Не сделав необходимого усилия, чтобы понять выраженную здесь мысль, мы не поймем самой сути того «оправдания оптимизма», которое дал Астафьев. По существу, его точка зрения – это «точка зрения непосредственного наивного оптимизма, прямо признающего бытие ценным», но с одним существенным дополнением: «жизнь ценна, пока она сознаётся мною», ценна «просто потому, что она сознаётся». Таким образом, абсолютной ценностью (или, лучше сказать, мерой всякой ценности) является не бытие само по себе, но сознаваемое бытие [29а]. Любая другая ценность имеет в своей основе эту ценность, ибо «ценнее, реальнее самочувствия, сознания своего бытия, в конце концов, ничего для живого существа нет» [28: 17–18]. По выражению Астафьева, бытие ценно во имя самочувствия. Конечно, сознание может отрицать те или иные отдельные чувства; но «отрицать само себя как самочувствие, как сознание, оно не может». В этом самоутверждении сознания жизни как такового – корень любого нашего утверждения.

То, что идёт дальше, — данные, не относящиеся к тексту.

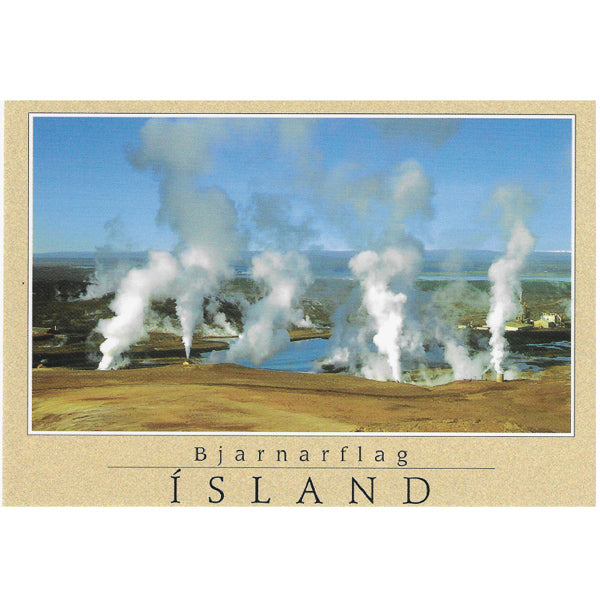 Postcard, Bjarnarflag steam vents, geothermal area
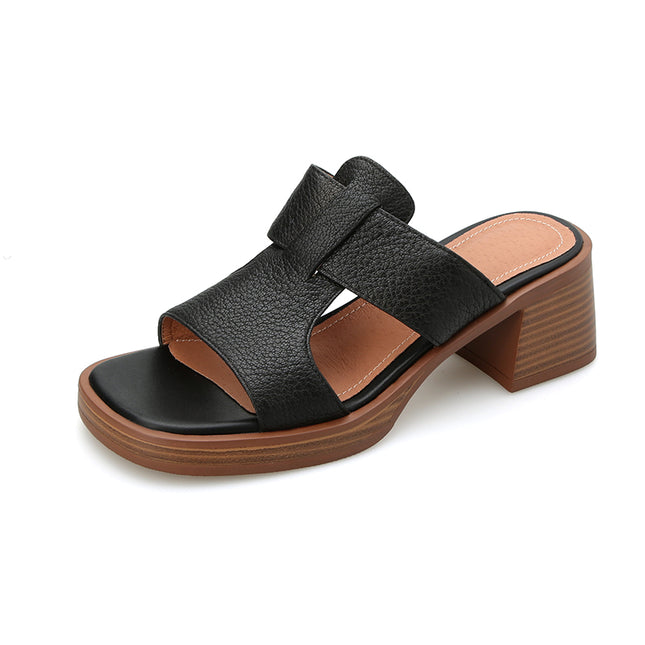 Sandalias de tacón alto de piel con punta abierta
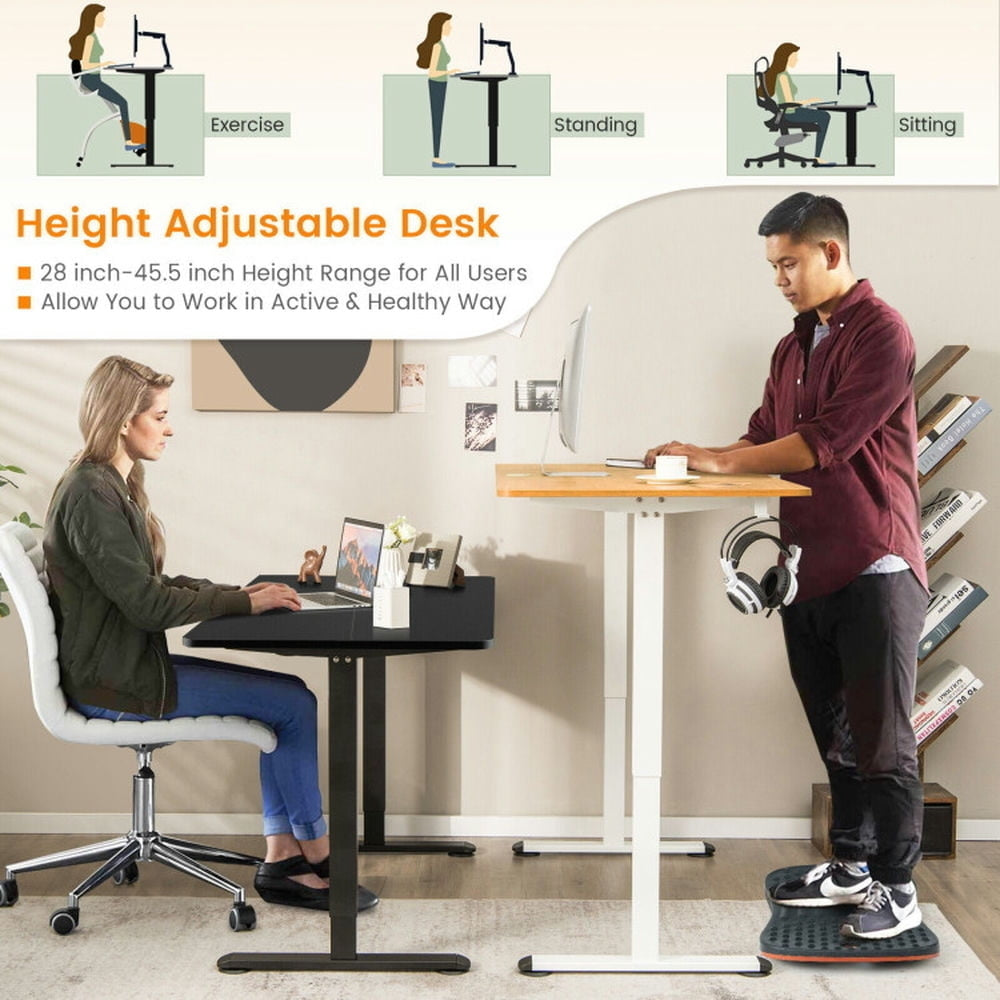 Hommoo Electric Standing Desk Adjustable Stand up Computer Desk Anti-collision-Black, Gaming Computer Desks for Image 2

Здесь же и корень так называемого самосохранения. Сплошь и рядом рассуждают об инстинкте самосохранения, то есть пытаются представить стремление к самосохранению чем-то бессознательным. Астафьев фактически отвергает этот взгляд, по крайней мере, применительно к человеку. Последний, повторим еще раз, ценит не «бытие вообще», но живое, то есть переживаемое бытие, данное в самочувствии. «Стремление к самосохранению неотделимо поэтому от стремления к сознательности своего бытия» – подчеркивает Астафьев. Впрочем, человек выделяется здесь из ряда других существ только тем, что в нем достигает вершины все то, что присуще живому бытию как таковому. Или, как с замечательной силой пишет Астафьев: «Точка зрения самочувствия есть точка зрения самой жизни в ее реальной переживаемости» [28: 20].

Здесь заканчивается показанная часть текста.